The benefits of no phones at the dinner table

Ken was a single dad with a 6 -year-old daughter named Claire and an 8-year-old son named Patrick. Ken dreaded mealtime with his kids. It seemed that every time they sat down to eat, the kids would refuse to eat what he had made, have a tantrum, get up from the table before the meal was finished, shove too much food in their mouths or start arguing. This really frustrated Ken because he worked in sales and was frequently on his mobile phone speaking with clients when then kids started acting up. The noise from the Claire and Patrick along with the distraction they created made conducting business very hard. Ken wondered how he could make mealtimes more peaceful and less stressful.

Ken was experiencing what many families face daily – a complete unraveling at the dinner table. Family meals are wonderful to help family members reconnect after a busy day at school and work. Sitting together and sharing a meal creates space to check in with each family member, provide support, discuss important topics, and design a space where everyone feels that they belong.
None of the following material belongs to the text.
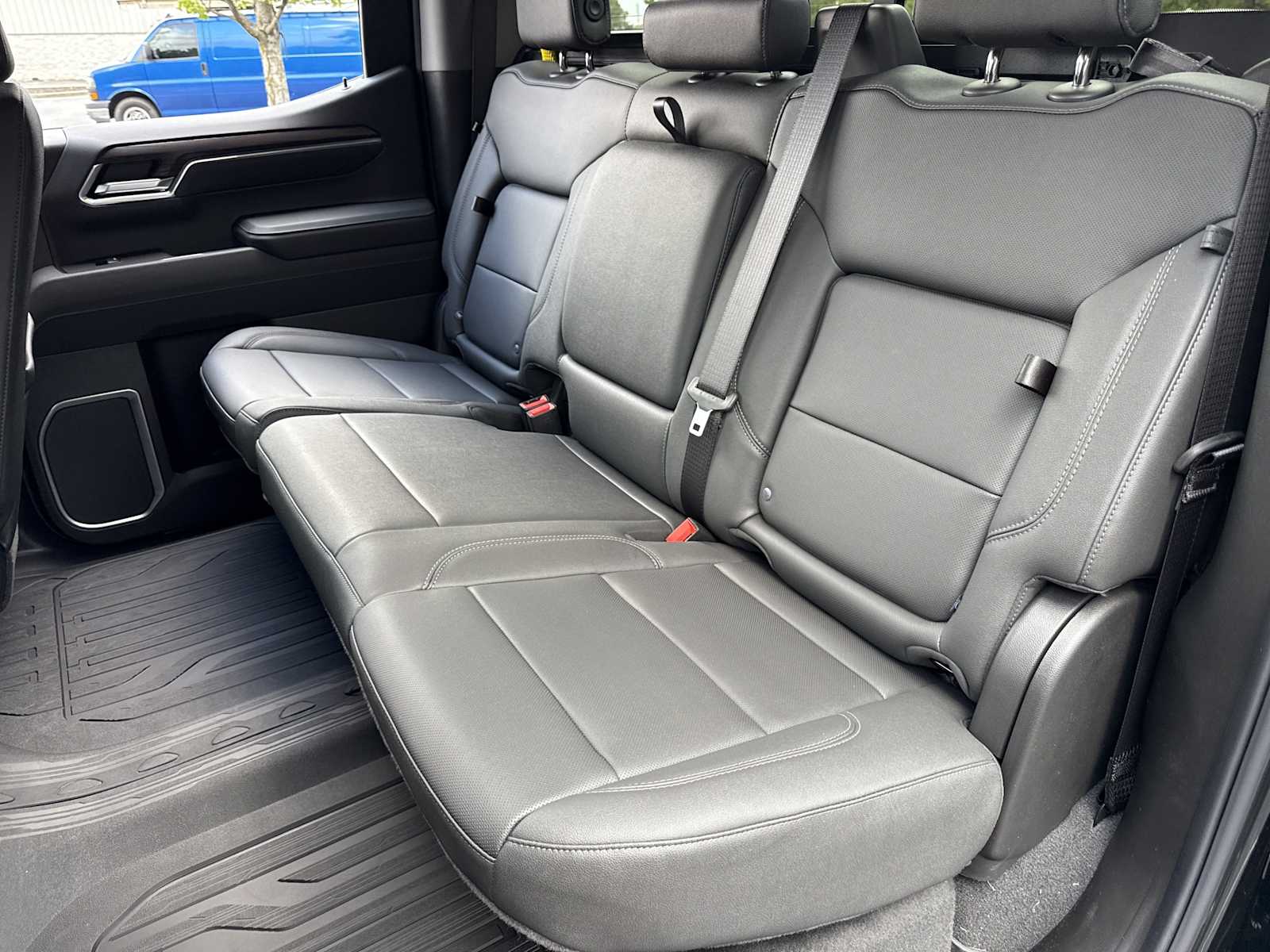 2026 GMC Sierra 1500 SLT - Photo 16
However, there can be barriers that keep this connection from occurring. It can be especially frustrating for parents who are trying to create a daily tradition with family dinners. One of the well-known barriers to having harmonious family dinners is excessive parental phone use. Research has shown that parents who are heavy phone users often have mealtime problems with their children.

Children and teens, but especially school-age kiddos, need to connect with their parents every day to discuss their successes, difficulties, and get support. Without this daily connection, children feel less equipped to manage stressful situations, try new challenges, acknowledge their success, and share their feelings. Therefore, having parents who are available and create space for these deeply personal exchanges is vital for healthy child and teen development.
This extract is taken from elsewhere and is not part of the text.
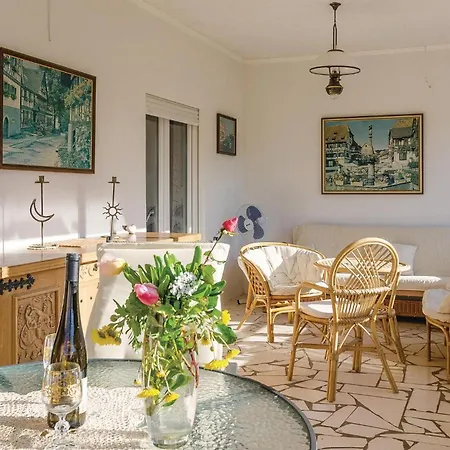 Διαμέρισμα Lovely In With House Sea View *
When parents are always on their phone, for either work or personal matters, it can interfere with creating time and space to connect with children. In response, many children will learn to create ways of being “seen,” or catching their parent’s attention. Some of these behaviors may include being naughty because, for children, getting negative attention (being yelled at or corrected) is better than being ignored. Creating a fuss or drama at the dinner table, when everyone is together, is a very common way for children who do not feel they are getting enough positive parental attention to capture the spotlight.

By creating a reliable time in each day that kids know they have their parent’s attention, without the distraction of mobile phones, can be a wonderful way help kids relax and know that their needs will be met. Limiting phone use during mealtimes, both for parents and kids, is a great way to show that family is more important than work or others. Creating a tradition of asking everyone to share one good thing that happened each day can help start a conversation and open up kids to share more personal issues that may have happened. With time, children and teens will learn to see the family dinner table as a safe space where they can ask tough questions, go to get support when the world feels mean, and celebrate both big and small success.

The research is clear, mobile phones are a huge barrier between parents and children when used excessively. Parents who are constantly connected to their phones may be missing cues from their children and teens. And, in response, their children may be acting out in order to capture their parent’s attention. By making mealtimes a mobile-phone free zone, parents will be creating a safe space where kids know they can go to get the support and connection they need each day.